My mom's right eye even looks different. It has deeper, richer colour now, while her left eye still has a grey film dulling her iris. That should all change by noon today when she walks back into the pre and post-op room after surgery. Both of her eyes will then have the corrective lenses as part of her eyes. I'm pretty sure that my mom will not be wanting to wear her glasses at all after the surgery since they will no longer offer her any benefits.
I've been thinking how life can be quite a bit like this. We have our shortcomings, "personality flaws" as some would term them, wounded hearts, hangups and fears. I know that I've had different ways of coping with or compensating for the weaknesses in my life. Metaphorically speaking, I've "worn prescription glasses" of sorts to make up for the deficiencies in my life so I appear normal or healthy.
However, I've been on a journey for the past 15 years, discovering and experiencing the transforming power of God in my life to change my heart and mind so I can see life clearly - according to His perfect vision.
I have to admit that the process has been scary, and even unpleasant at first, as I've opened up those vulnerable places to God's healing hand. But I've come to love this process and now it's something that I desire with my whole heart, because I love, Love, LOVE experiencing freedom!

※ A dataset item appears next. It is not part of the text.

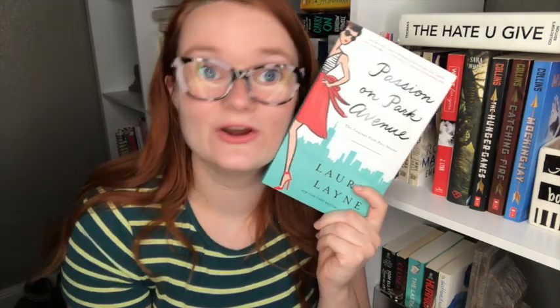Next we have Passion on Park Avenue by Lauren Lane. I bought this because it's the February pick for Book Talks After Dark with Shelby and Kendra from Shelby Tiger Reads and Kendra Loves Books — they asked me to co-host February with them. I don't really know much about it; it's a romance I've been hearing great things about and I want to go into it blind. I believe our live show is on February 28th — I'll leave the date down below. I'm really excited to read it with Kendra and Shelby, so if you want to join us, tune in at the end of February.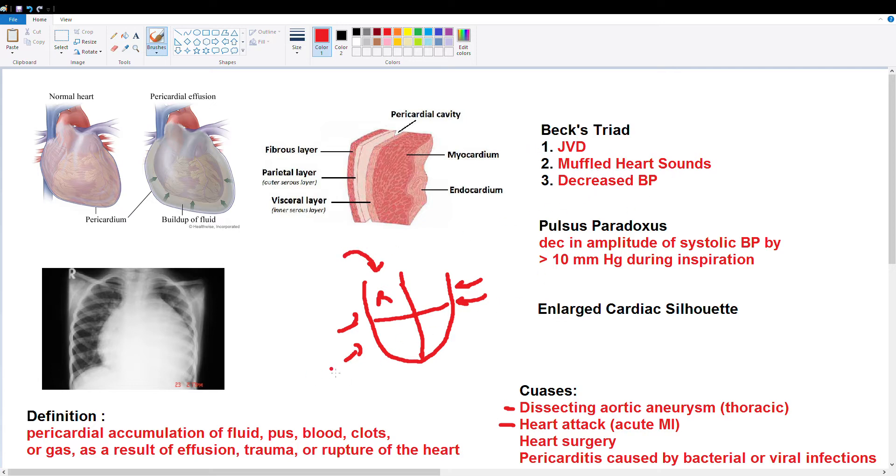Next, muffled heart sounds. All this fluid around the heart is going to not allow the heart sounds to be as clear, so they'll be muffled. Then we have decreased blood pressure. When your heart is shrunken into this compressed bag, it's not going to be able to pump out as much blood. Your diastolic volume — which is when the heart fills and the volume is at max — is not going to be as high because it has all this pressure. So your diastolic volume drops, which means your cardiac output is lower.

As I was sitting with my mom in the eye centre at Chilliwack hospital, I was watching all the patients being prepared for surgery. Each person had a design drawn above their right eye (it was "right eye" morning) indicating that this was the eye that was to be operated on. They were given a little Ativan tablet under their tongue to calm their nerves, and then they had a few rounds of eye drops administered before they left that room to go into the surgical room. Most patients were subdued and looked very apprehensive. I know my mom was really nervous and was even considering cancelling prior to surgery. I was surprised to observe the remarkable transformation that occurred when each person walked back into the room after surgery. It wasn't the protective lens covering their eye and taped to their face that got my attention, but the fact that EVERY person had a big smile on their face.
Joy. This word pretty much sums up how I feel as I come out of those times with God when I (together with a spiritually mature friend) have specifically addressed issues in my life and asked God to show us what is keeping me from experiencing freedom to see things clearly and live life from His perspective. Unlike eye surgery where there are only two operations, I've been through this process many times, each time addressing yet another area in my life that has been in need of truth and God's healing touch.